Her dream of dressing the first lady came through twice. And in becoming a reality, Bethel said she found Christie to be down-to-earth and a normal person.
She also recently designed two gowns for JoAnn Callender, a classically trained singer, which she wore at her concert to celebrate Bahamian composers.
Bethel, 36, who attended the International Fine Arts College in Miami, Florida, said her earliest memories of designing were of dressing her dolls. She has been designing professionally for about nine years. And even though designing dresses for the prime minister’s wife has been one of her dreams, she says all of her customers are treated the same. She ensures that everyone’s dress color complements their skin complexion and their body and that they all feel comfortable when they walk out of the door.

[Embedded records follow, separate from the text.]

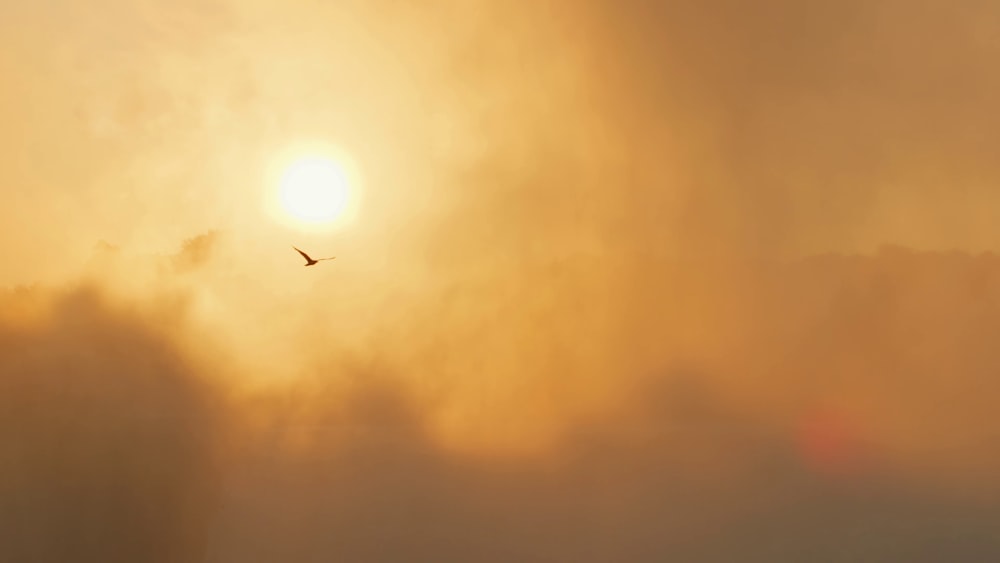 Un oiseau volant dans le ciel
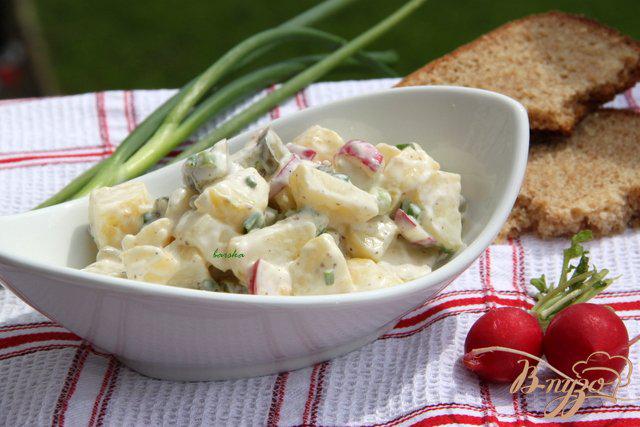 Фото приготовление рецепта: Немецкий картофельный салат с редисом и маринованными огурчиками шаг №4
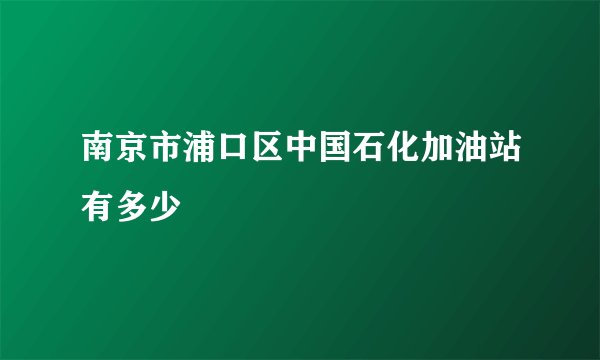 南京市浦口区中国石化加油站有多少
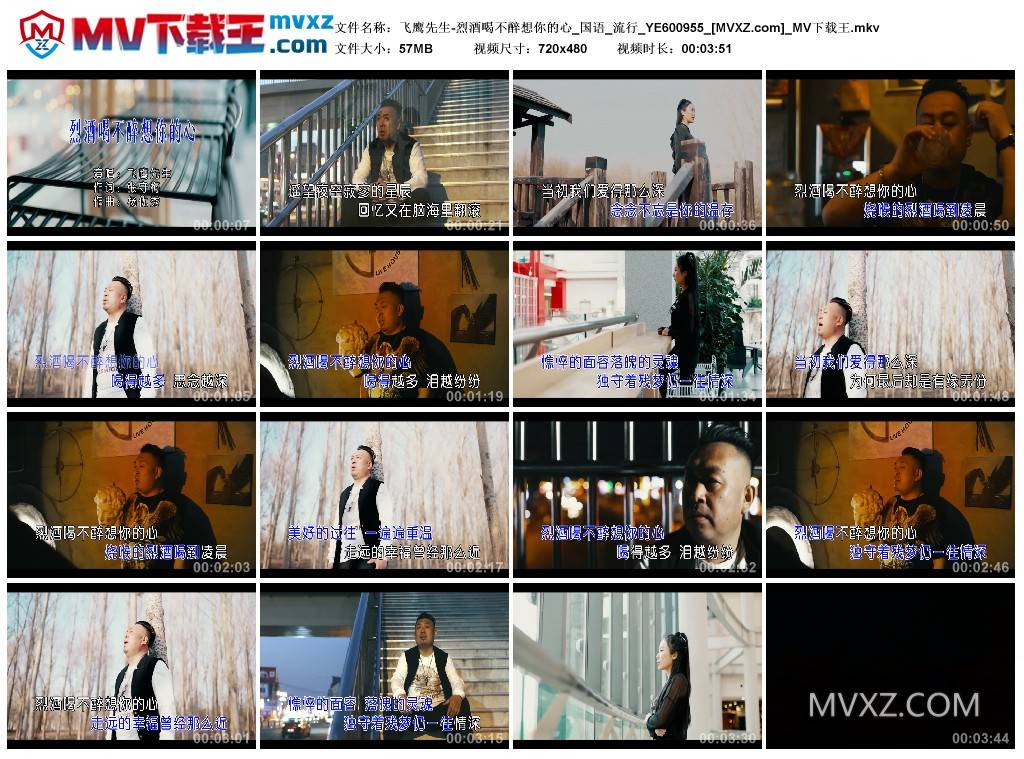 飞鹰先生-烈酒喝不醉想你的心_国语_流行_YE600955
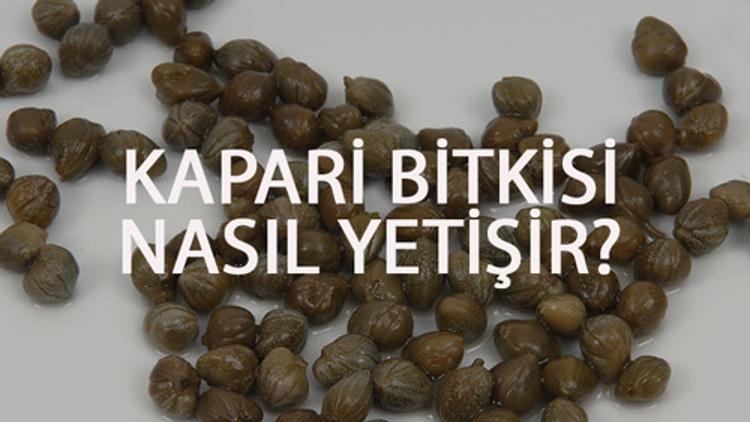 Kapari Bitkisi Nasıl Yetişir? Kapari Bitkisi Türkiye'de En Çok Ve En İyi Nerede Yetişir Ve Nasıl Yetiştirilir?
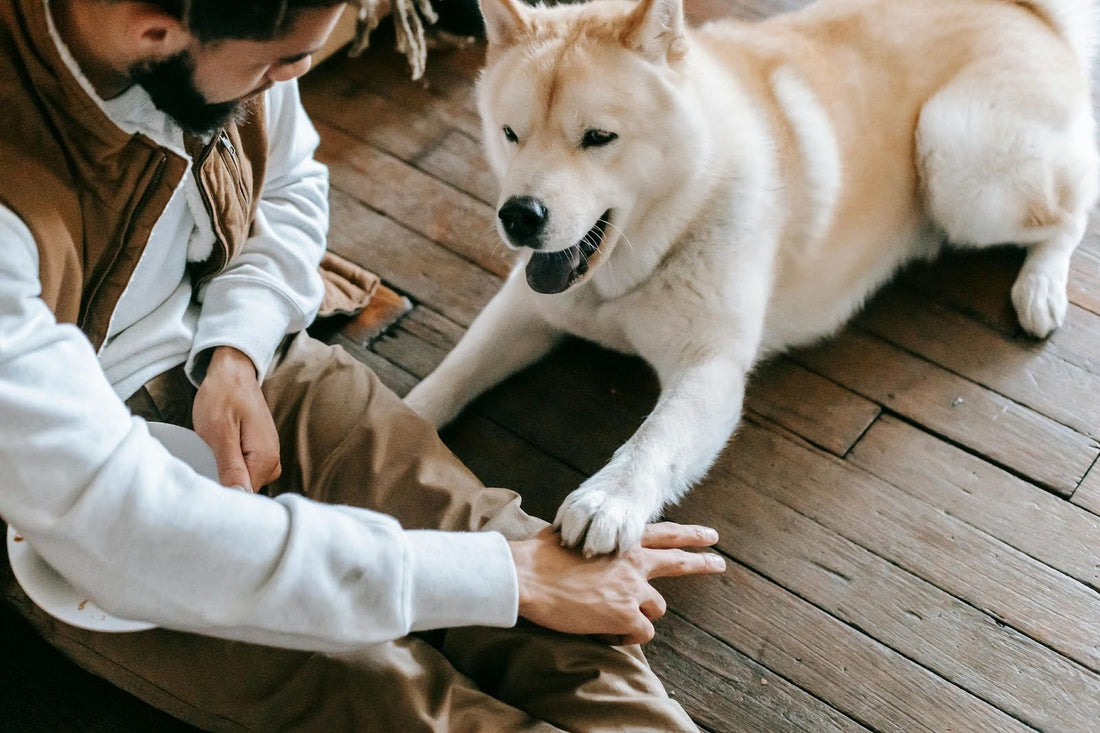 Man Training His Dog While Sitting on the Floor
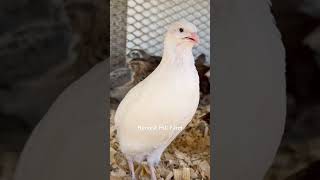 Download lagu Suara burung puyuh jantan. Saya suka suara burung puyuh. #puyuh #suarapuyuh #peternakan #peternakanpuyuh #burungpuyuh mp3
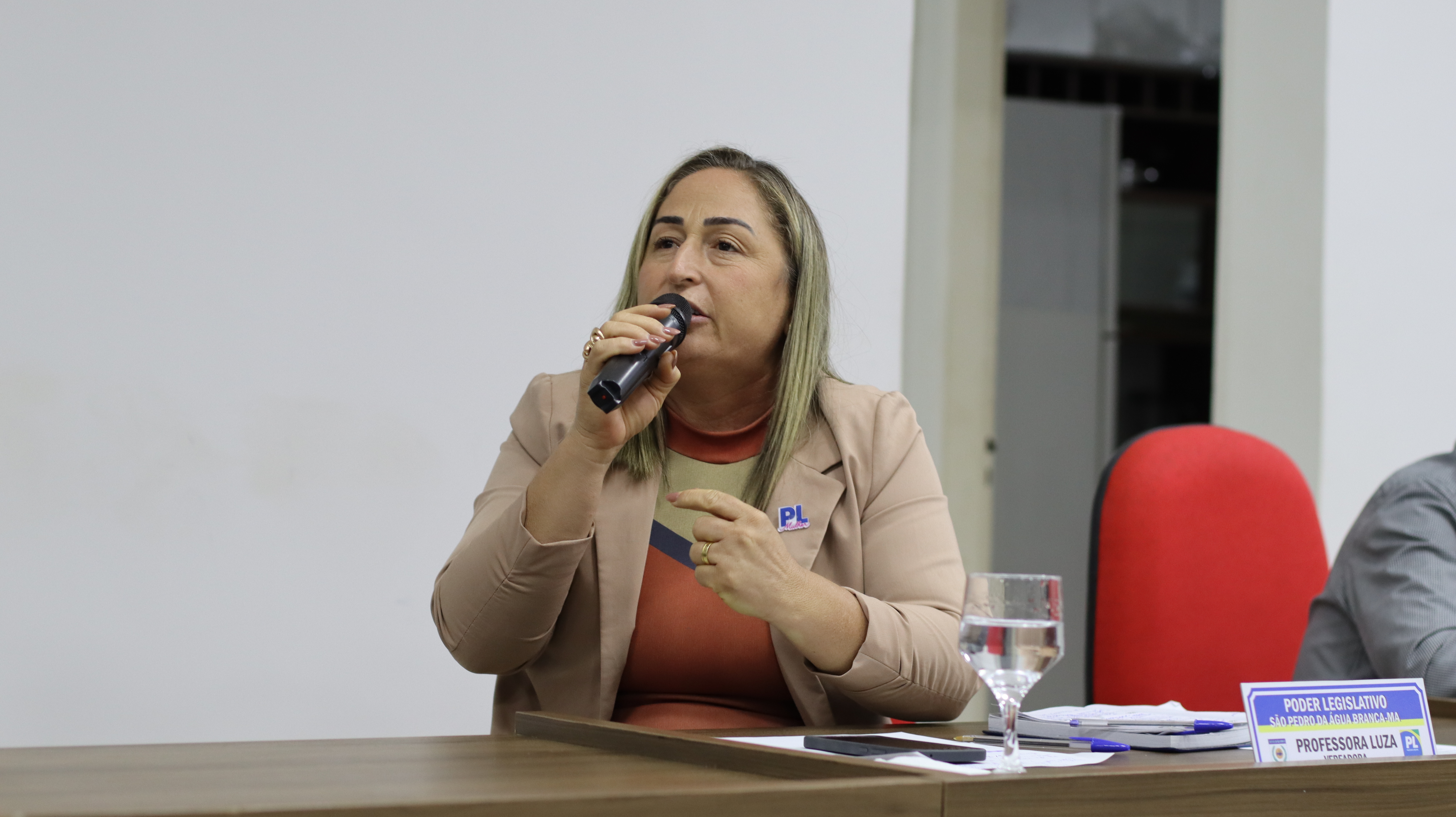 2º Plenária Ordinária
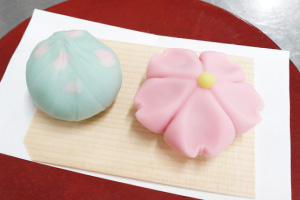 春らしいパステルカラーの可愛い練り切りが完成しました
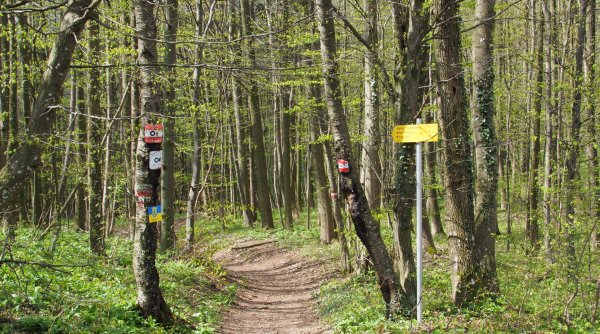 Alleine Wandern - Du möchtest allein in die Natur oder auf Berge, traust dich aber nicht? Dieser Kurs vermittelt das erforderliche Basiswissen und gibt … Alleine Wandern - Du möchtest allein in die Natur oder auf Berge, traust dich aber nicht? Dieser Kurs vermittelt das erforderliche Basiswissen und gibt …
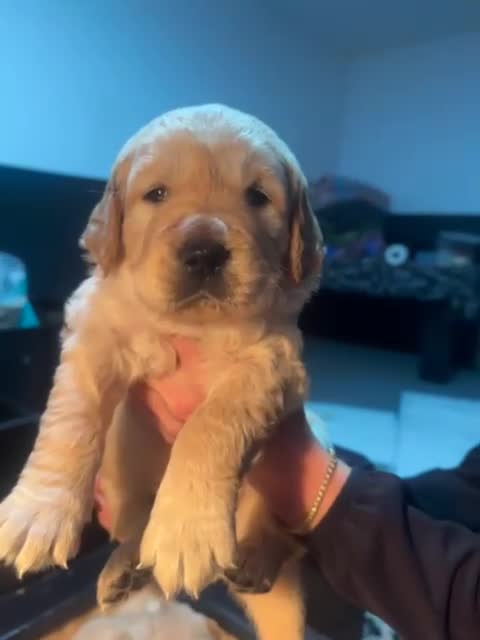 Golden Retriever dogs for sale: Golden Retriever puppies  - Video 4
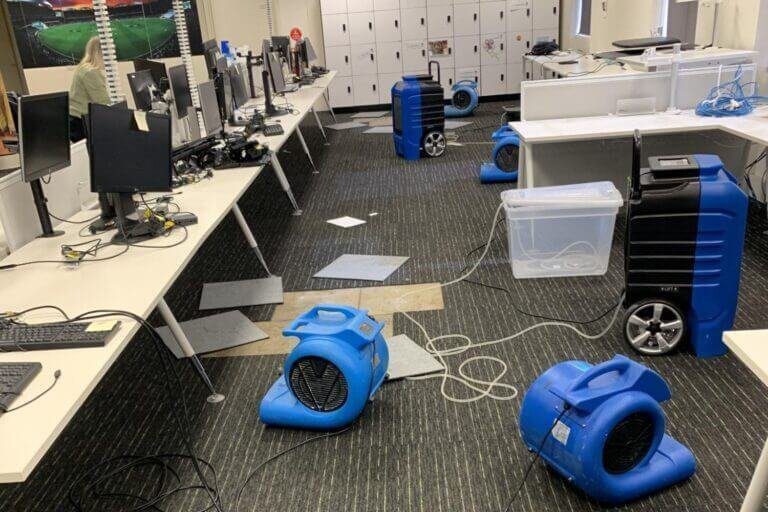 squeaky cricket australia water damage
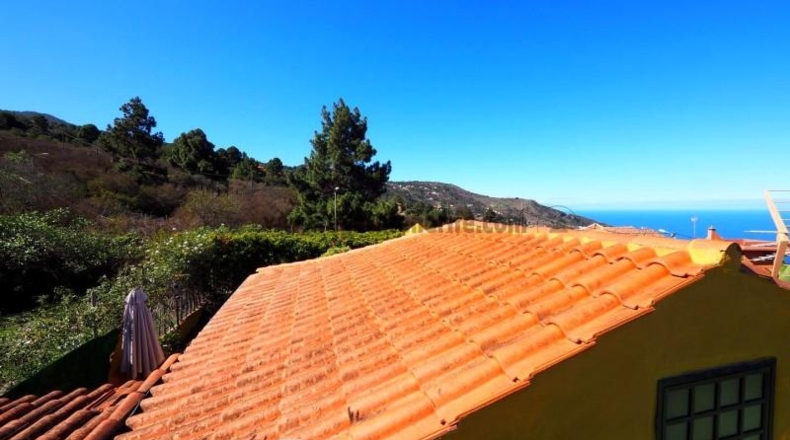 Santa Creu de Tenerife - Icod de los Vinos - 1035m2
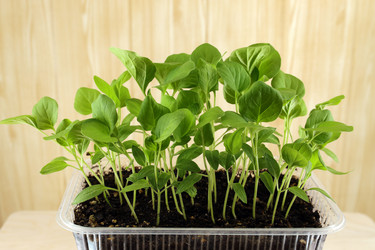 Similar image 21368905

“I always try to bring out the best in a person. When a customer comes to me I ensure that they leave my store happy. I ensure that the clothing looks handmade, but with store-bought finishing,” she said.
Bethel says a person goes to a fashion designer for one-of-a-kind pieces and to get something different. And when a person wears one of her designs she says she’s looking for them to give that wow effect when they walk into a room.
“I always try for that wow factor. Actually, one of my mottos is to always do my best and ensure that the customer is always happy,” she said. “A designer has a vision of how they want you to look when you walk out. A designer can put something down on paper and give you that exact dress that you see on paper. A designer is someone who can take a vision and make it a reality,” she said.
A Javotte original starts in the low hundreds, but as a full-service seamstress, Bethel makes alterations and everyday wear for women.